▸ WORK REQUIRED
Could you copy exactly the lines below from the one with "If selected, the" to the one with "Chapter 7. Do", inclusive, leaving out any pictures?

(LISTED ENTRIES)

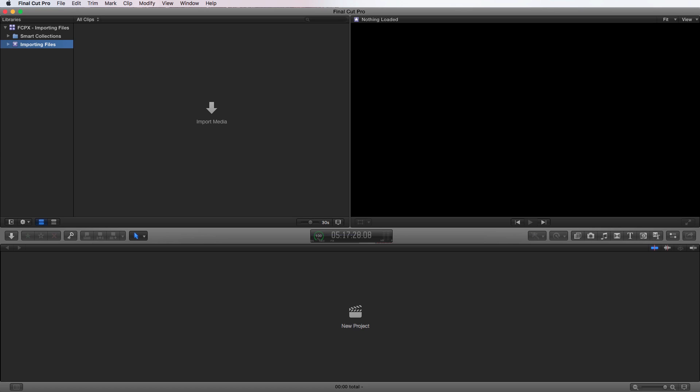Importing media into Final Cut Pro X is really simple. There's actually four different ways to get to the media import window. So let me show you those four different ways.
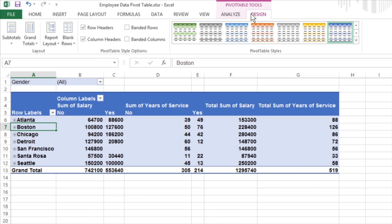The Design tab is divided into three groups. The Layout group lets you add subtotals and grand totals to the pivot table, and modify its basic layout.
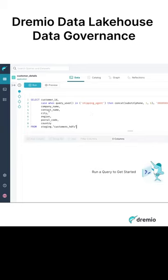So this virtual data set is pointing to the customers. It happens to be an HDFS. So I want to only select a few of the columns. And I also want to then mask the data depending on what the user is.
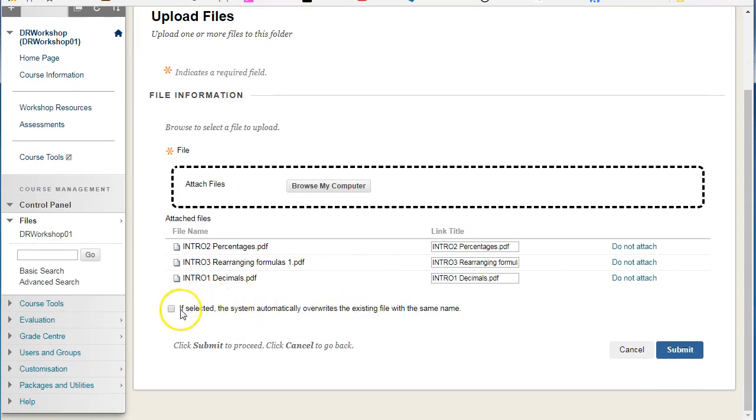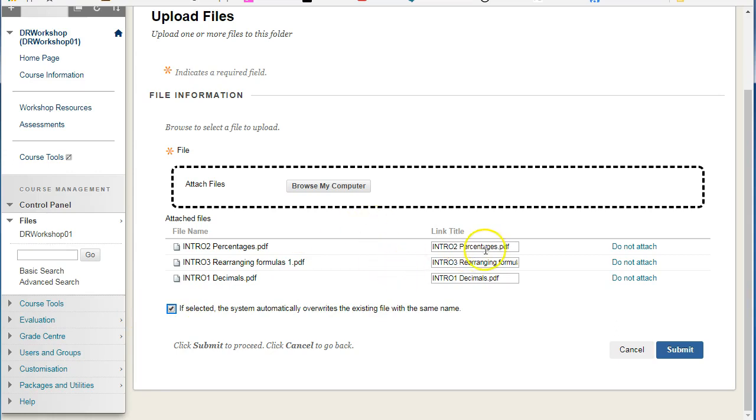If selected, the system automatically overwrites existing files with the same name. We're going to select that since these files are already uploaded, so we'll update them with these current versions.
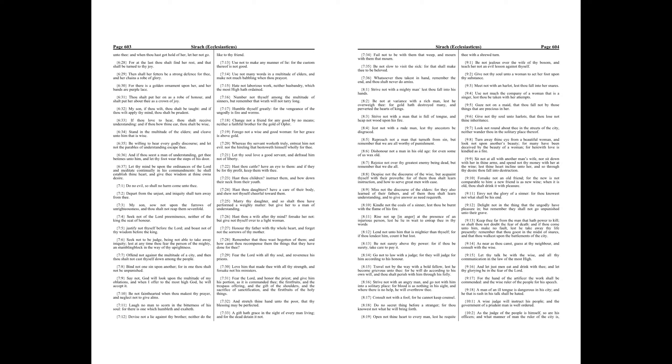Chapter 7. Do no evil, so shall no harm come unto thee. Depart from the unjust, and iniquity shall turn away from thee. My son, sow not upon the furrows of unrighteousness, and thou shalt not reap them sevenfold.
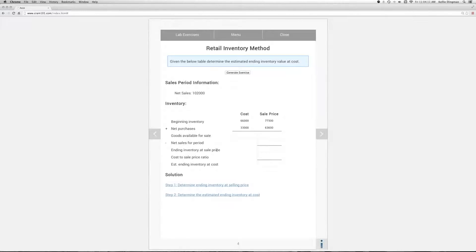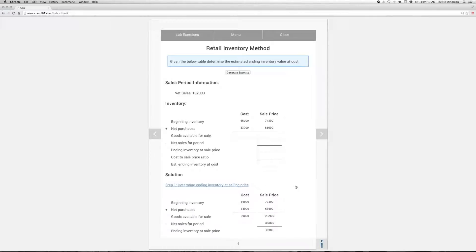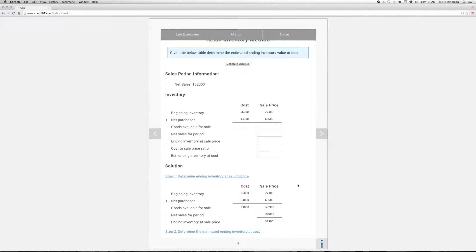The first step is to determine our ending inventory at sale price. To do this, we first add our net purchases to our beginning inventory for both cost and sale price. This gives us the value for our goods available for sale. Focusing on the sale price, we subtract our net sales for the period from the value of goods available for sale to arrive at our ending inventory value at sale price.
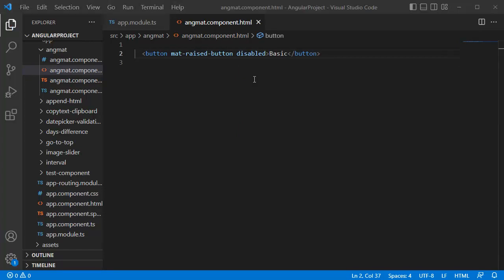Now save this file and go back to the browser. If you observe the button in the browser, it turned grey in color and you cannot click on it. This is one of the real-time scenarios where you can disable the button based on your requirement.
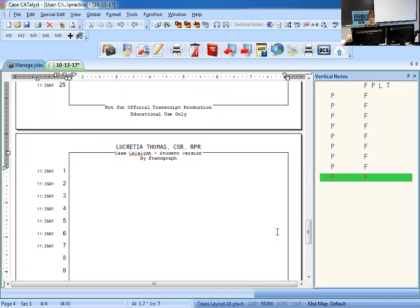Hello class. Today I'm going to be giving you instructions on how to complete your homework assignment for the second day. It says type each column three times perfect. You have the English on the left column, the Steno on the right column. That's what your notes should look like. So three times perfect.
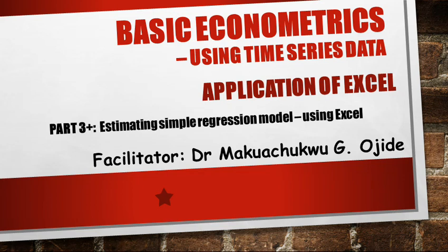Hello friends, you are most welcome to this session. This is an extension of our part 2 and part 3, that is why it is part 3 plus. We have used eViews to treat estimation of simple regression model, but based on demand from those who have been following us in this class who wanted to see how to use Excel, we decided to put up this class.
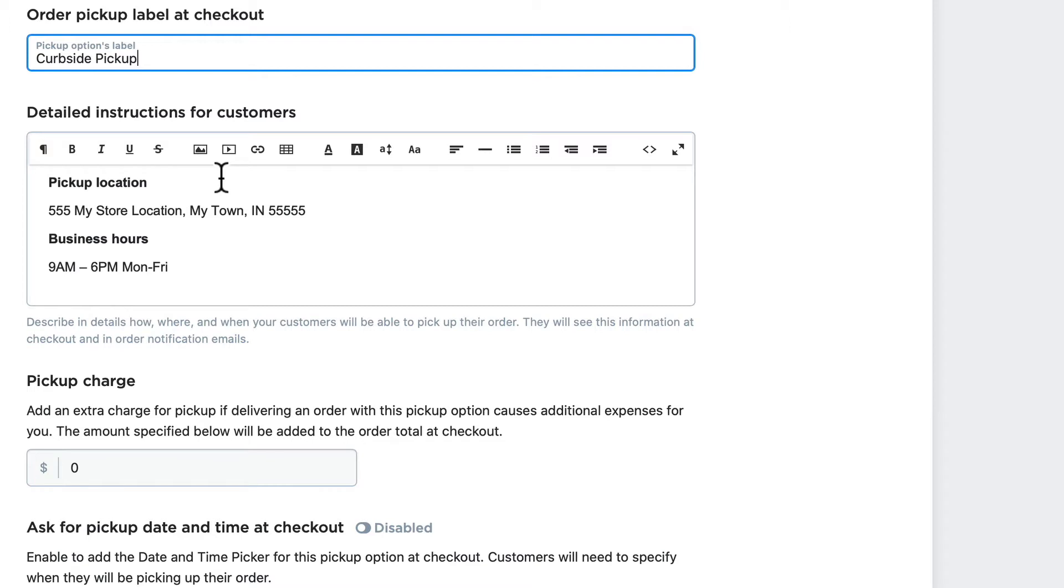Now since this is a curbside pickup option, you might want to add information about what they should do when they pull up. Should they call a number? Should they park in a particular place? Be sure to include all the instructions they'll need to have a quick and successful pickup of what they've purchased. At a bare minimum, you should have the pickup location and your business hours when you allow for pickups.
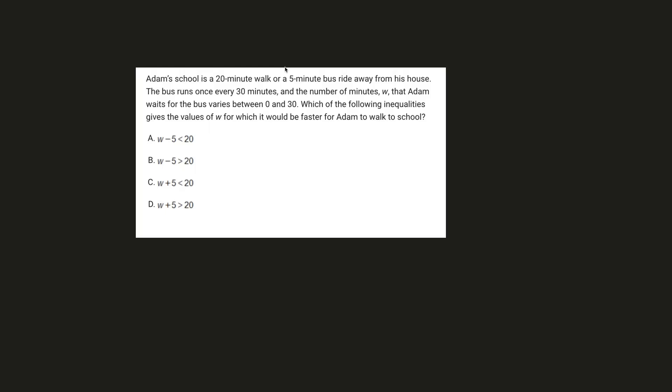Hey everyone, welcome back to another SAT math problem. This one says Adam's school is a 20-minute walk or a 5-minute bus ride away from his house.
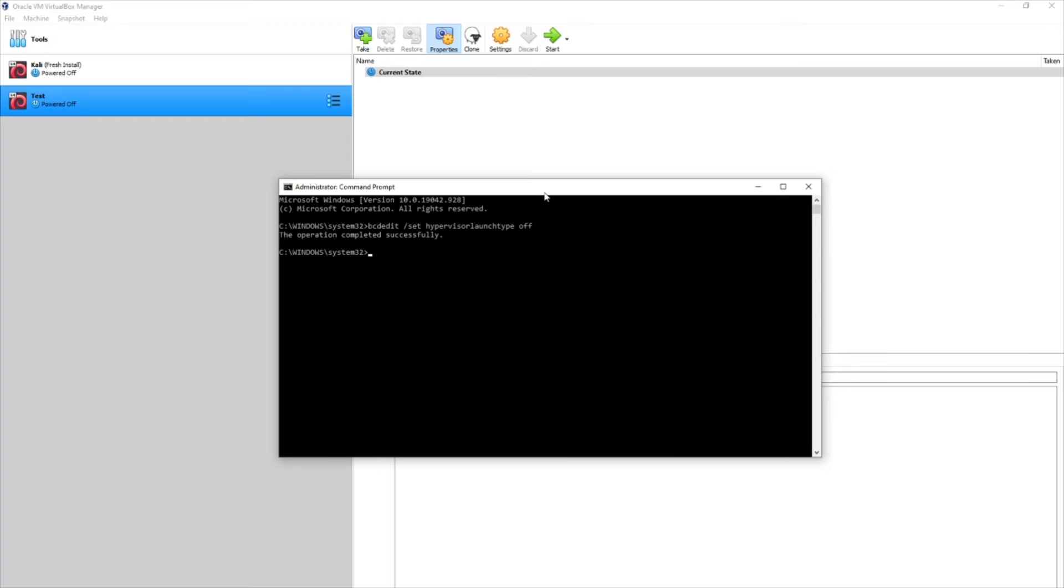You should see the operation completed successfully. If you see something about permission errors and whatnot, make sure you're launching command prompt with elevated permissions. Okay, the host system does need to be rebooted for this to take effect. So we will do that right now.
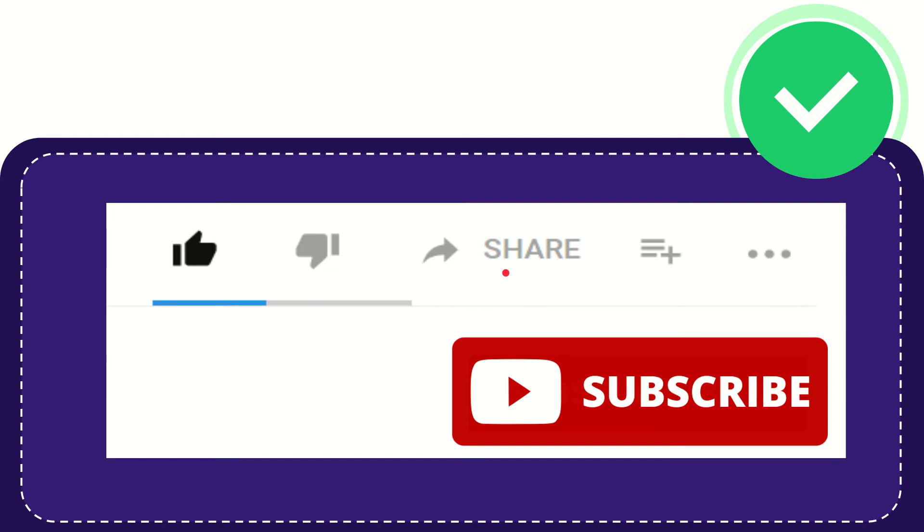And you can share it to any social media that you wish that is currently available at this time, like Facebook, Twitter, LinkedIn, and many others, right?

(End LISTED ENTRIES)

▸ EXPECTED ANSWER
If selected, the system automatically overwrites existing files with the same name. We're going to select that since these files are already uploaded, so we'll update them with these current versions.
Chapter 7. Do no evil, so shall no harm come unto thee. Depart from the unjust, and iniquity shall turn away from thee. My son, sow not upon the furrows of unrighteousness, and thou shalt not reap them sevenfold.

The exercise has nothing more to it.